If an AI can confidently misspell a simple word or misunderstand a straightforward query, users naturally start wondering where else those mistakes might appear:
- Medical searches and health diagnoses
- Financial advice and market trends
- Legal information and compliance
- Product recommendations and reviews
- Breaking news and real-time events
And unlike ChatGPT or Claude, many users never explicitly opted into this experience. Google is progressively placing AI-generated answers directly at the top of search results by default. That’s why these errors feel bigger than a meme.
Maybe Google is just moving too fast. To be fair, Google has already acknowledged some of these AI Overview issues and says fixes are underway. But the broader rollout reflects how aggressively the company is pushing toward AI-first search after years of pressure from competing AI platforms.
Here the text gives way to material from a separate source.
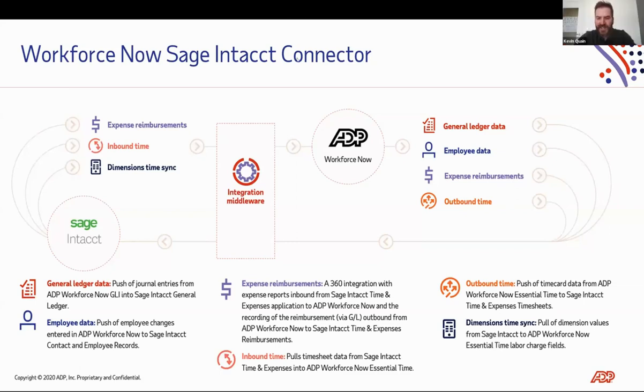The data points of integration are a lot more than just the GL. We have financial journal entries and statistical data, but there are other levels of integration that include dimensions sync and time sync. The integration middleware is the heart of why this works — it is built by ADP's professional services in-house. That connector is certified by Sage Intacct and helps with data points of integration for both pushing, pulling, and 360-degree data flow.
At Google I/O, the company essentially reframed Search as an AI product rather than just a link engine. The result is a search experience that increasingly behaves less like a library and more like a chatbot.
The takeaway is AI has a confidence problem
The most dangerous AI mistakes usually are not the outrageous ones. It’s the subtle errors delivered with complete confidence.
That’s especially important as more people begin relying on AI-generated summaries instead of clicking through multiple sources themselves. Now that AI Overviews are effectively being pushed onto mainstream users, these small cracks in reliability suddenly matter a lot more.